The Influence of Geometry on the Thermal Performance of Microchannels in Laminar Flow with Viscous Dissipation

Micro heat exchangers may achieve very high heat transfer coefficients thanks to their small dimensions and high area-to-volume ratio even in laminar flow, a highly desirable feature in many industrial applications. The main drawback of these devices is the high frictional losses-especially for liquid flows-that make viscous dissipation no longer negligible. In order to enhance heat transfer, modification of the channels cross-section is a viable strategy. In this work the fully developed steady laminar flow of a Newtonian liquid through a microchannel subject to uniform heat flux, uniform peripheral temperature boundary conditions in the presence of viscous dissipation is investigated.
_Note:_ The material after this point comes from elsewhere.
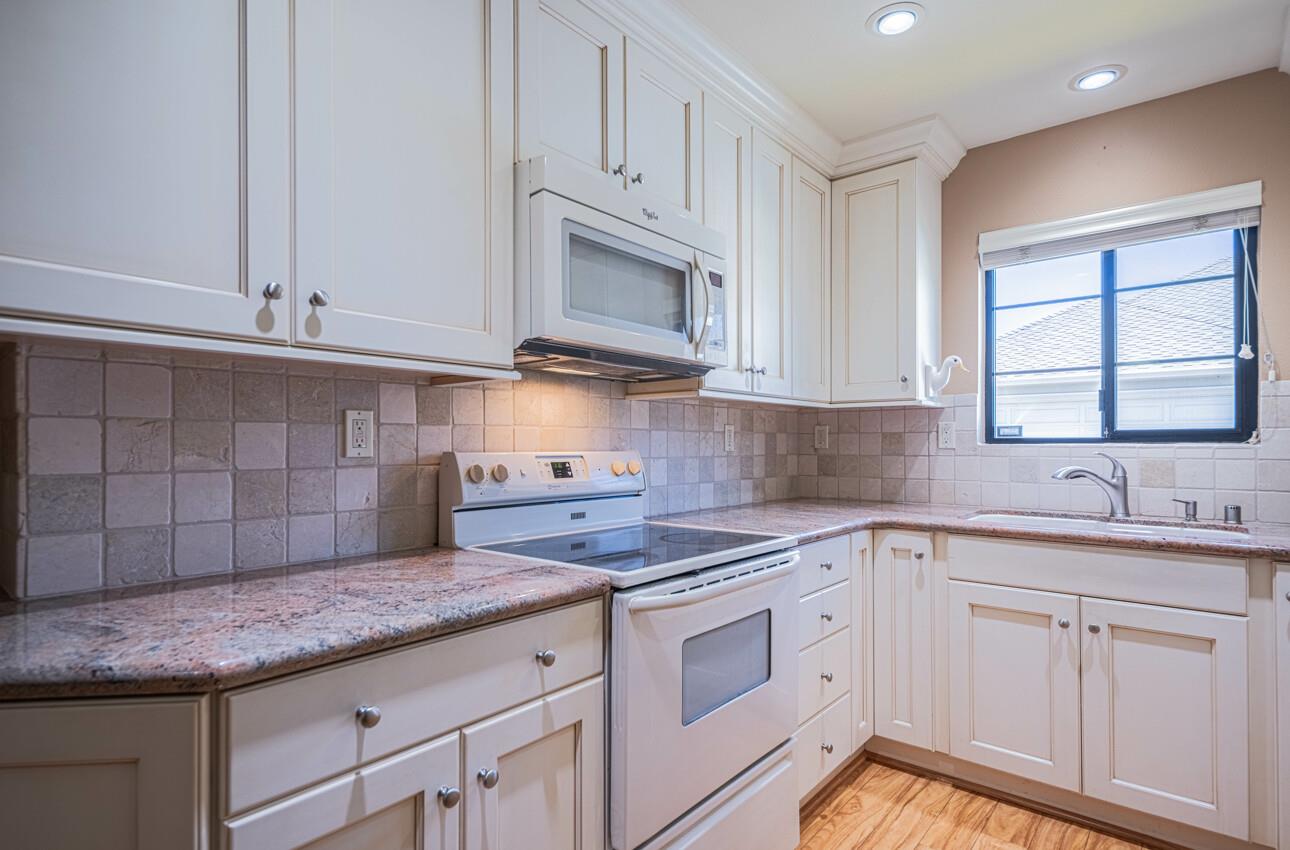 Detail Gallery Image 11 of 31 For 128 Nissen Rd #4,  Salinas,  CA 93901 - 2 Beds | 2 Baths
Entropy generation numbers and the constrained total heat transfer area performance evaluation criterion are employed to assess the influence of smoothing the corners of an initially rectangular cross section, with an aspect ratio ranging from 1 to 0.03 under four different types of geometrical constraints. The governing equations and the results are expressed in nondimensional form, with the intensity of viscous dissipation being exemplified by the Brinkman number, which is demonstrated to increase its maximum allowable value when corners are smoothed. The results are reported as a function of the nondimensional radius of curvature and aspect ratio and show that smoothing the corners almost invariably brings an improvement for a fixed heated perimeter.